#### DATA TO EXAMINE ####

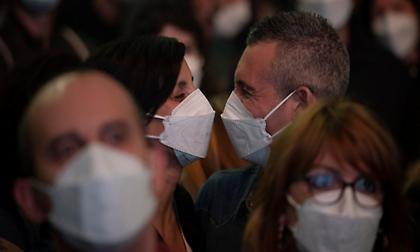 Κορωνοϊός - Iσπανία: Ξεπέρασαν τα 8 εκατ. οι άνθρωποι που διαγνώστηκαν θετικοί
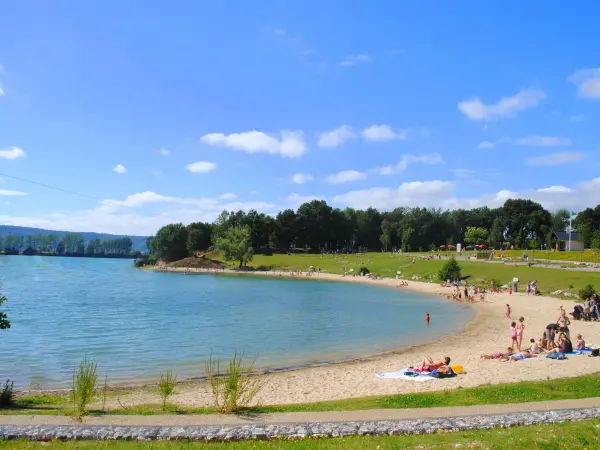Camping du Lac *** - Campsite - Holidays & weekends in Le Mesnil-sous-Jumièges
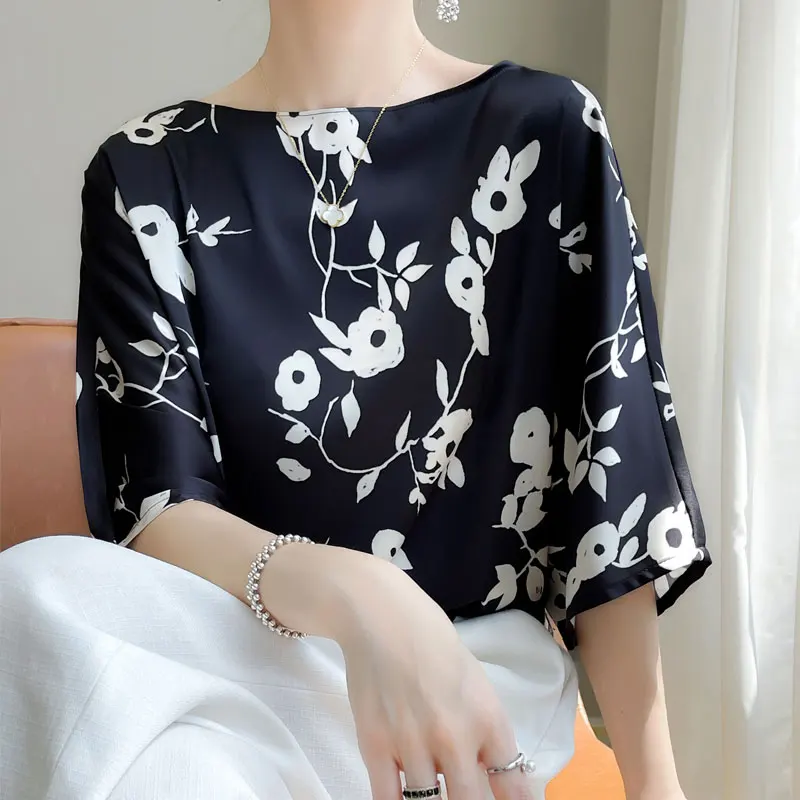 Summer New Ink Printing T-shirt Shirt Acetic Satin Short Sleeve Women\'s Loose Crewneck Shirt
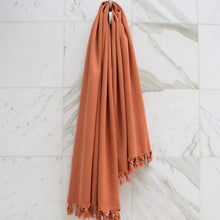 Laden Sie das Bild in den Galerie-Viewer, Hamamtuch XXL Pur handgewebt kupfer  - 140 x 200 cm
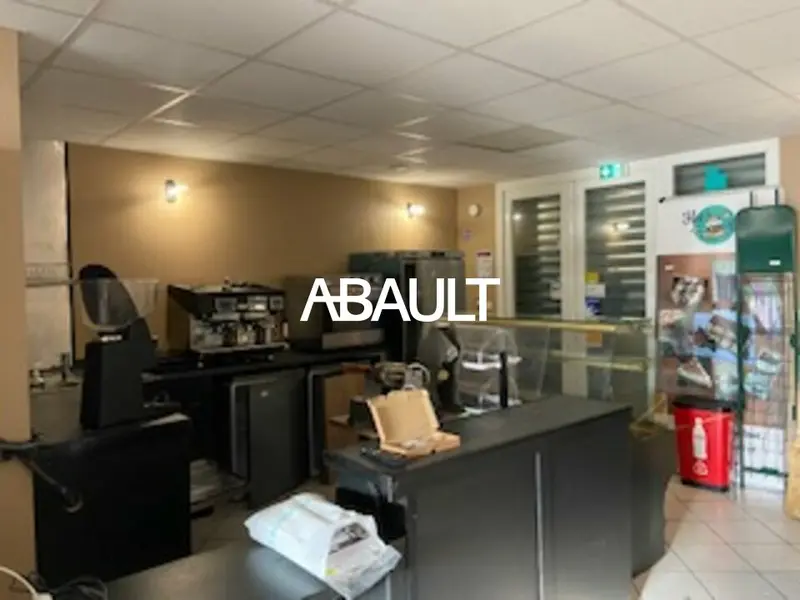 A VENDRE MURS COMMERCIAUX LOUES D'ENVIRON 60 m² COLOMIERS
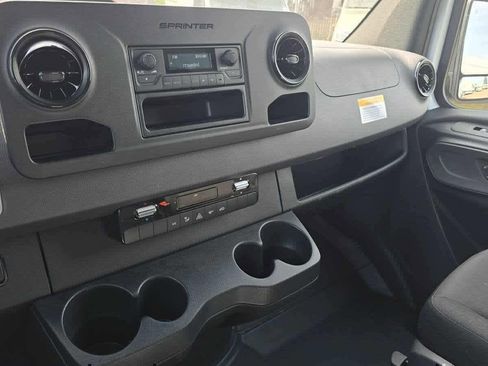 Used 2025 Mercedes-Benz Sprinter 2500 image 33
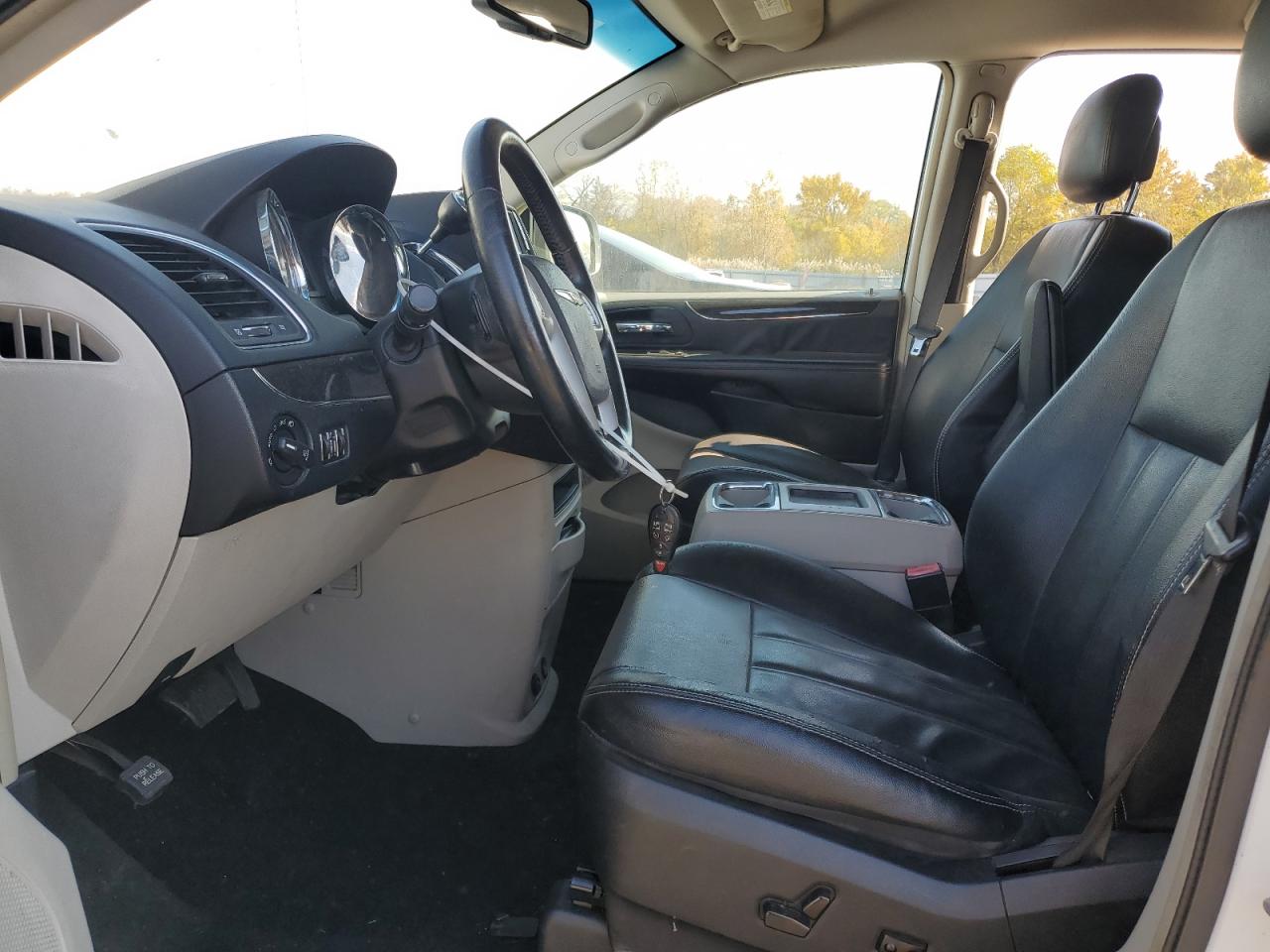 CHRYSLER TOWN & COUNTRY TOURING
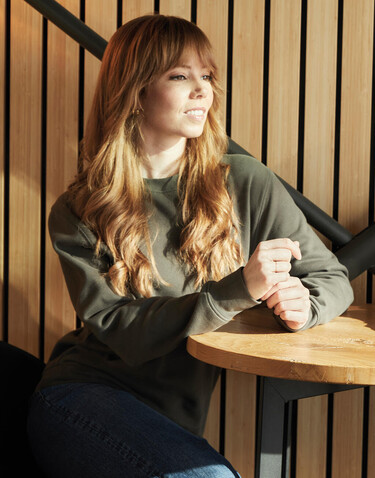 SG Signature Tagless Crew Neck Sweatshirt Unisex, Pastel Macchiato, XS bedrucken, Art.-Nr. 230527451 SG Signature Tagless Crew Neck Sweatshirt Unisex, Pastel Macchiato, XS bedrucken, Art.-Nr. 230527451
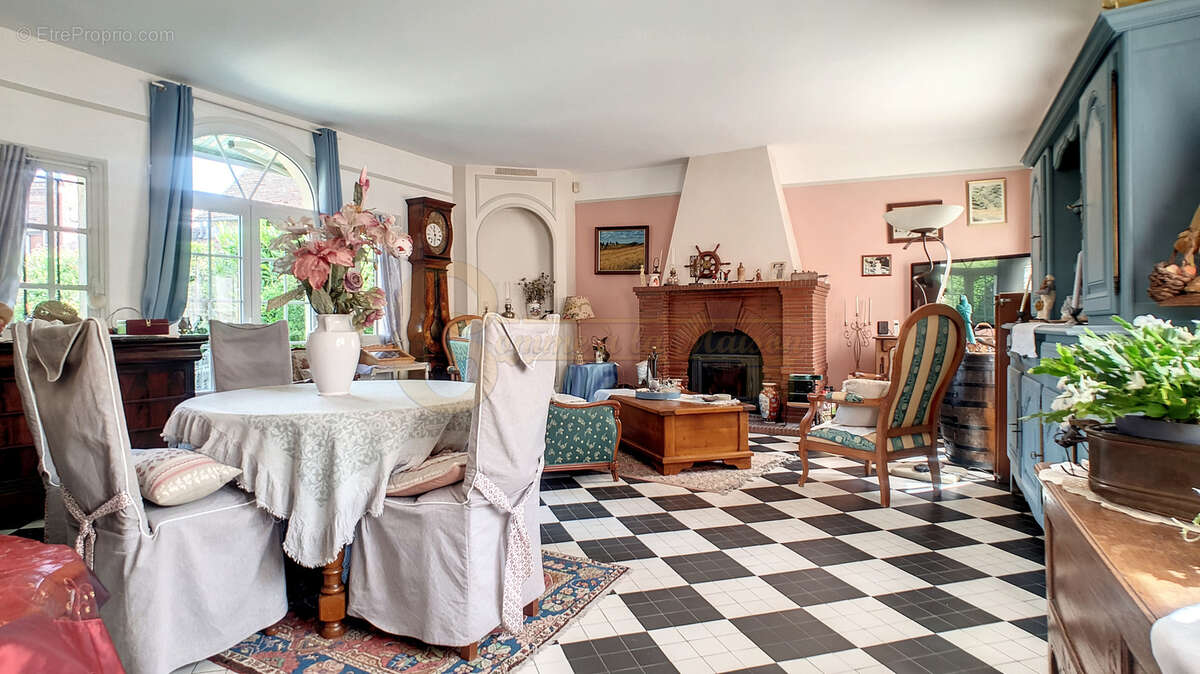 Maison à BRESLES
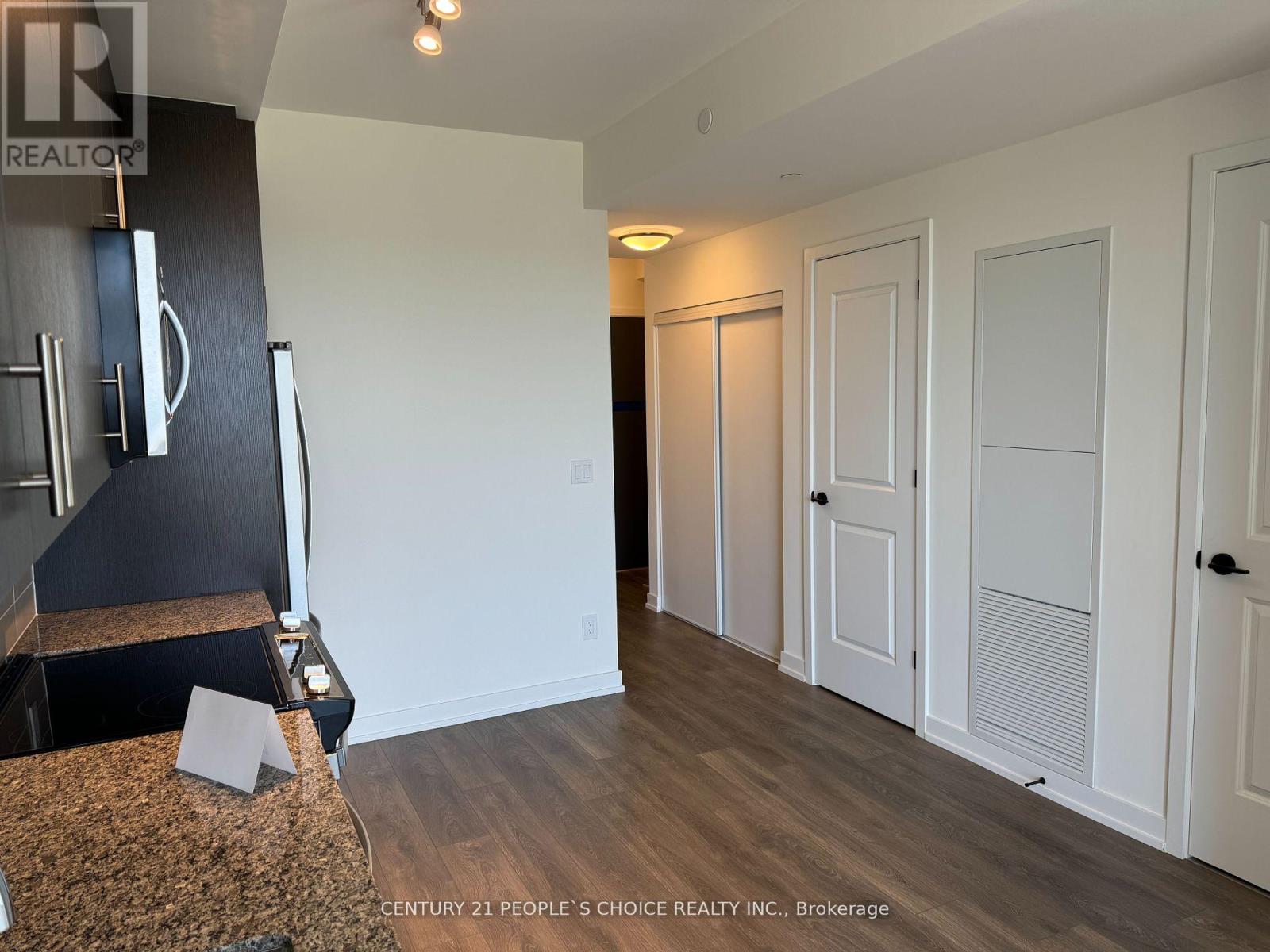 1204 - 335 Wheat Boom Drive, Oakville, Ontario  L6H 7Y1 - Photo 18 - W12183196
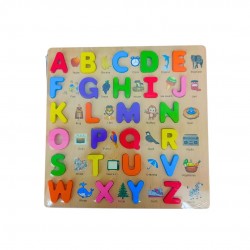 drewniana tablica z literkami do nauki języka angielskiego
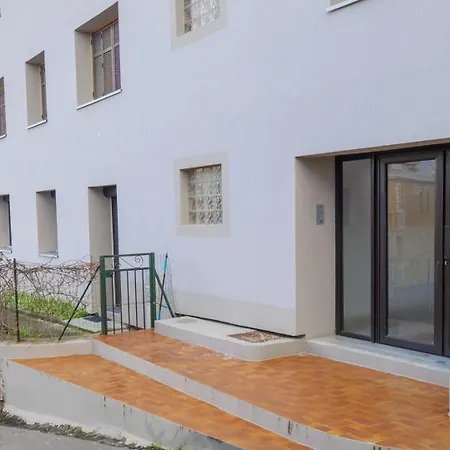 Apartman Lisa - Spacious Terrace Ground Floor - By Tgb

####

■ TASK REQUIREMENTS: In the entries above, find the line that contains "CHRYSLER TOWN & COUNTRY TOURING", then repeat exactly every line from the first one through that line, with no pictures.

■ TASK RESULT:
 Κορωνοϊός - Iσπανία: Ξεπέρασαν τα 8 εκατ. οι άνθρωποι που διαγνώστηκαν θετικοί
Camping du Lac *** - Campsite - Holidays & weekends in Le Mesnil-sous-Jumièges
 Summer New Ink Printing T-shirt Shirt Acetic Satin Short Sleeve Women\'s Loose Crewneck Shirt
 Laden Sie das Bild in den Galerie-Viewer, Hamamtuch XXL Pur handgewebt kupfer  - 140 x 200 cm
 A VENDRE MURS COMMERCIAUX LOUES D'ENVIRON 60 m² COLOMIERS
 Used 2025 Mercedes-Benz Sprinter 2500 image 33
 CHRYSLER TOWN & COUNTRY TOURING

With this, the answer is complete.